We talked about having our next child fairly soon. Let’s face it, I wasn’t getting any younger and as much as the age difference between Liam and Harry was turning out to be a blessing in disguise, we wanted to have a smaller gap between Liam and his younger sibling. We causally talked about maybe trying again in the fall of 2007 and left it at that. But (and who says God doesn’t have a sense of humor?) I was already pregnant. Unbeknownst to pretty much everyone (but mostly me). No Clomid. No charting. No timing. No ovulation predictor tests. No, it was “the old fashioned way”. Bizarre.
So again, I was focused on being pregnant. By this point, it was a state that I was rather used to being in. But I knew, the whole time, that this was it. The last time I would be pregnant. Of course, it doesn’t have the same impact to realize that while you are still pregnant because, like it or not, your focus is still entirely wrapped up in the business of growing a baby. So it’s more of an abstract idea.
Even now, not being pregnant again EVER seems pretty abstract to me. But it is what it is. And now… Now what do I do? Who am I? Does this change who I am?

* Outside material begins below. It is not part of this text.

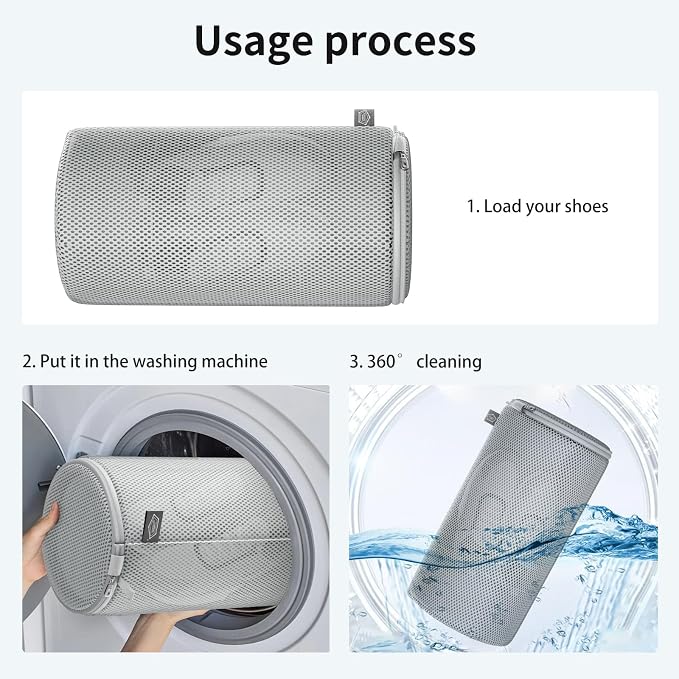 Kimmama Shoe Washing Machine Bag, Shoe Laundry Bag, Grey, 8x15", 2 Pack | Shoe Bag, For Sneaker, Tennis, Footwear, Trainers, Slippers, Sock, Building Blocks, Sandwish Mesh, Travel, Divided
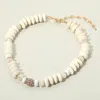 Fashnzfab Paved Stone Ball Centered Mixed Beaded Statement Necklace In White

What kind of person will I grow into now that I will no longer grow life inside of me? Does this mean no more pregnancy tests? Like… for EVER? What will I DO with myself?
I suppose the answer, for now, is take care of Evie and try to keep Liam from burning the house down. That will probably take up a great deal of time because Evie LOVES to be held 24/7 and Liam is determined to destroy the house in a way that I’ve never seen before. Still, I know this stage is short-lived. Evie will grow and become more independent (*sniff*) and Liam will (hopefully) mature and realize that when we say “NO” that perhaps we actually mean “NO”.
Call me crazy, but a girl can dream.
So that’s it. I’m done. No more babies. I can’t really wrap my mind around it. Does this mean I have to find a hobby? And if so, what should it be? Because I can’t craft worth a darn.